2. Problem Description

In the subway system, passengers’ transaction information is recorded in the AFC system, specifically including the check-in time, check-out time, origin station, and destination station, but does exclude their transfer station and path information. Therefore, when there are multiple candidate paths between an OD pair, it is impossible to directly identify passenger path through AFC data. As shown in Figure 1, there are two paths from XD to CWM, and they are (1) XD-XWM-CWM and (2) XD-DD-CWM. They all include one transfer, and the travel distance is similar, so it is impossible to identify passengers’ path choice directly.

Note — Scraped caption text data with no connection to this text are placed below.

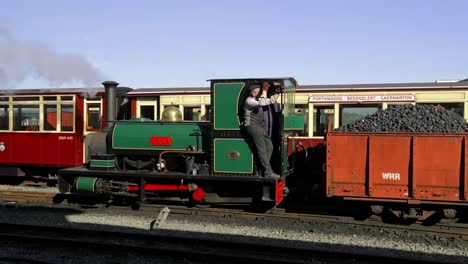 Ffestiniog-Railway---engineer-shunts-LILLA-narrow-gauge-steam-engine-backwards-with-truckloads-of-coal,-Porthmadog-Harbour-Railway-Station,-Snowdonia,-Wales---man-in-cap,-SLOMO-60fps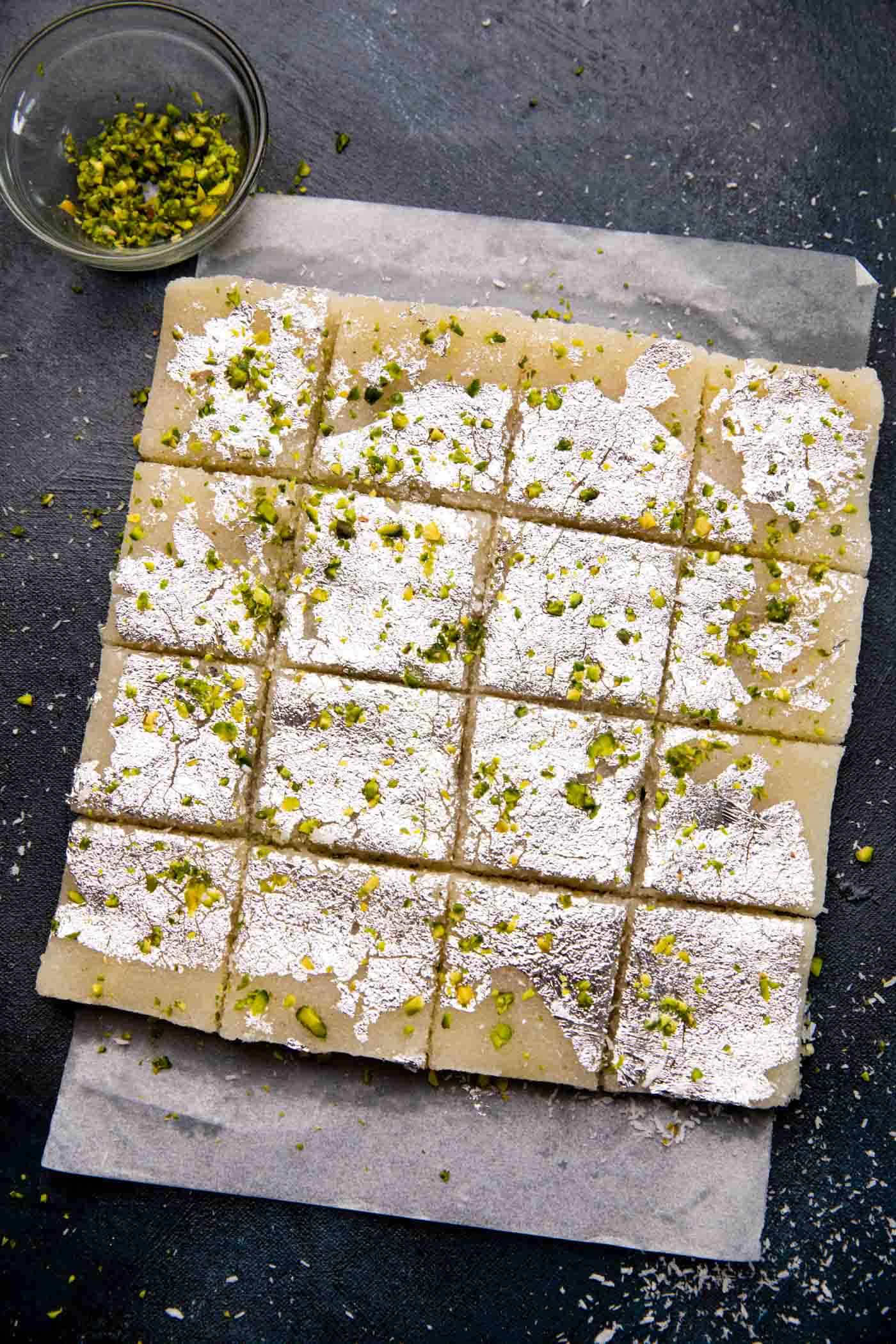 Coconut Barfi sliced and laid out on parchment paper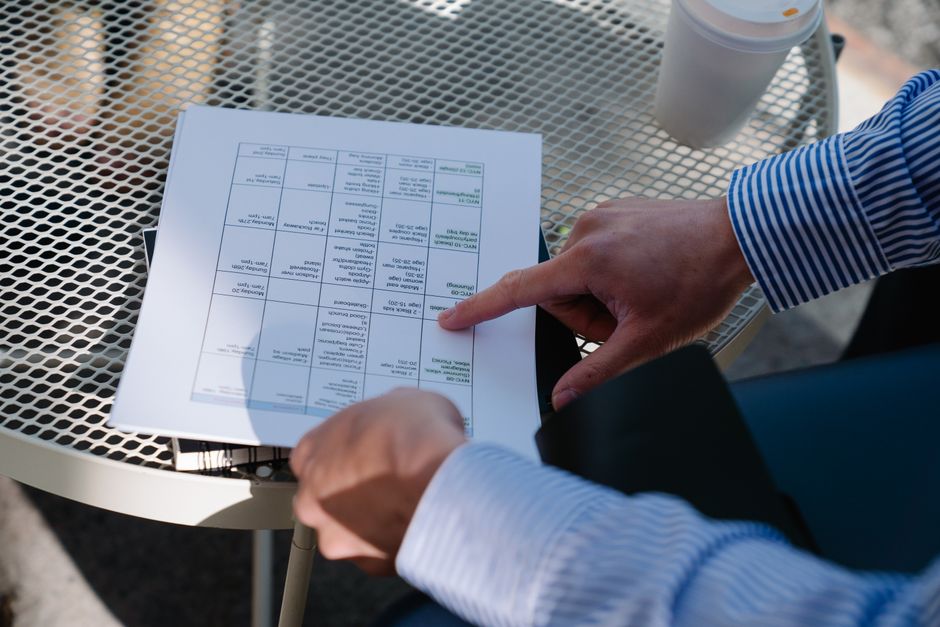 Professional reviewing a document outdoors at a table during a business meeting.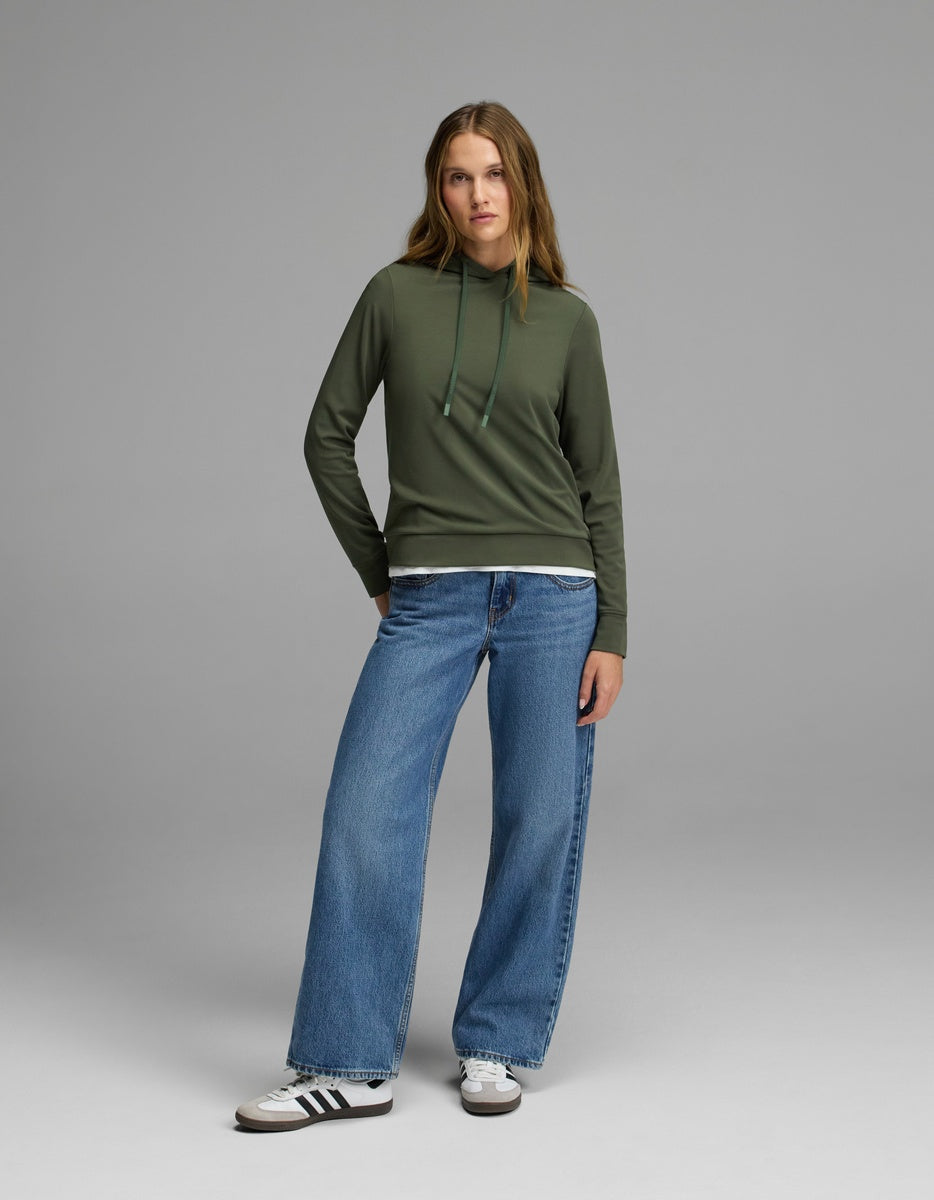 A woman stands facing forward against a plain gray background, wearing the Cozy Earth Women’s Brushed Bamboo Hoodie in green, paired with blue wide-leg jeans and white Adidas sneakers with black stripes.|Color:Olive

The passenger travel time (obtained from the check-in and check-out time in AFC data) refers to the time spent by a passenger on a specific path between these OD. Hence, passenger travel time can be regarded as an observation of the travel time of this path. From a statistical point of view, when a random variable obeys a certain probability distribution, this variable should be within the confidence interval of the distribution. In other words, if we can know the travel time probability distribution of each candidate path, we can calculate the most likely path for passengers according to the confidence level of passenger travel time in the travel time distribution of each path.

The observation set is the basis for estimating the probability distribution of path travel time. For the ODs with only one candidate path, the travel time of passengers between this OD can be regarded as the travel time observation value of this unique path. However, when there are multiple paths between ODs, due to the lack of path information in AFC data, the travel time observation set of each candidate path between such ODs cannot be directly obtained. In other words, AFC data cannot directly estimate the path travel time distribution between such ODs. Therefore, how to estimate the path travel time distribution between multipath ODs through the single path OD (with a determined observation set) is the key to our study.

To that end, we first classify the OD in the network. According to the number of candidate paths and the path characteristics, the OD can be divided into three categories: (1) type-I OD, which means that there is only one candidate path, and passengers do not need to transfer in travel; (2) type-II OD refers to that there is only one candidate path but the O station and D station are not on the same line so that passengers have to transfer in travel; (3) type-III OD pair has multiple candidate paths. Take part of the Beijing Subway network in Figure 1 as an example; NLSL-FXM belongs to type-I OD; NLSL-FCM belongs to type-II OD; NLSL-CWM and FCM-JGM belong to type-III OD.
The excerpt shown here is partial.